I have started a new course (Analyzing Big Data with Microsoft R) and have an exam soon.

So I wanted to test my skills, and a nice way to do this was by doing a Kaggle competition Titanic: Predicting Disaster. I managed to get a decent score (80%). You can run this script by first downloading the .csv, and set your working directory.
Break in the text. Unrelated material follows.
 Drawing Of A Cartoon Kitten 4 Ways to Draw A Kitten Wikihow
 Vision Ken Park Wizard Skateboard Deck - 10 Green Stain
I am using the latest Microsoft R Client.

Any review is welcome, but I am most interested in:

Did I correctly use the RevoScaler package from Microsoft?

Any Coding mistakes?

Any way to improve the accuracy of my prediction?

Is my R style ok?

Code

# Titanic Kaggle Solution
setwd("<your_work_directory>")
library("dplyr")

test <- read.csv("test.csv")
train <- read.csv("train.csv")

# Combine the DataSets to fill in the missing Data
full <- bind_rows(test, train)

######################
# Transform the Data #
######################
# - Get the FamilySize by adding the (Parents + Siblings + 1)
# - Get the Titles, and factorize them (Sir is the same as Jonkheer [Dutch] and Don [Italian], Same for Lady.... )
# - Get Embarked as Factor
full <- rxDataStep(inData = full,
 transforms = list(FamilySize = as.numeric(Parch + SibSp + 1),
 Titles = as.factor(gsub("Don|Jonkheer|Sir", "Sir", 
 gsub("Dona|Lady|Madame|the Countess", "Lady", 
 gsub("^.*, (.*?)\..*$", "\1", Name)))),
 Embarked = as.factor(Embarked)
 )
 )

# Sort on PassengerId for missing Data
full <- arrange(full, PassengerId)

##########################
# Fix the missing values #
##########################
sapply(full, function(y) sum(is.na(y)))
# Fare 1
# Embarked 2
# Age 263
# Cabin 1014 (I will drop this, since there is too much missing value)
# Survived 418 (This is the TestData so not actually missing!)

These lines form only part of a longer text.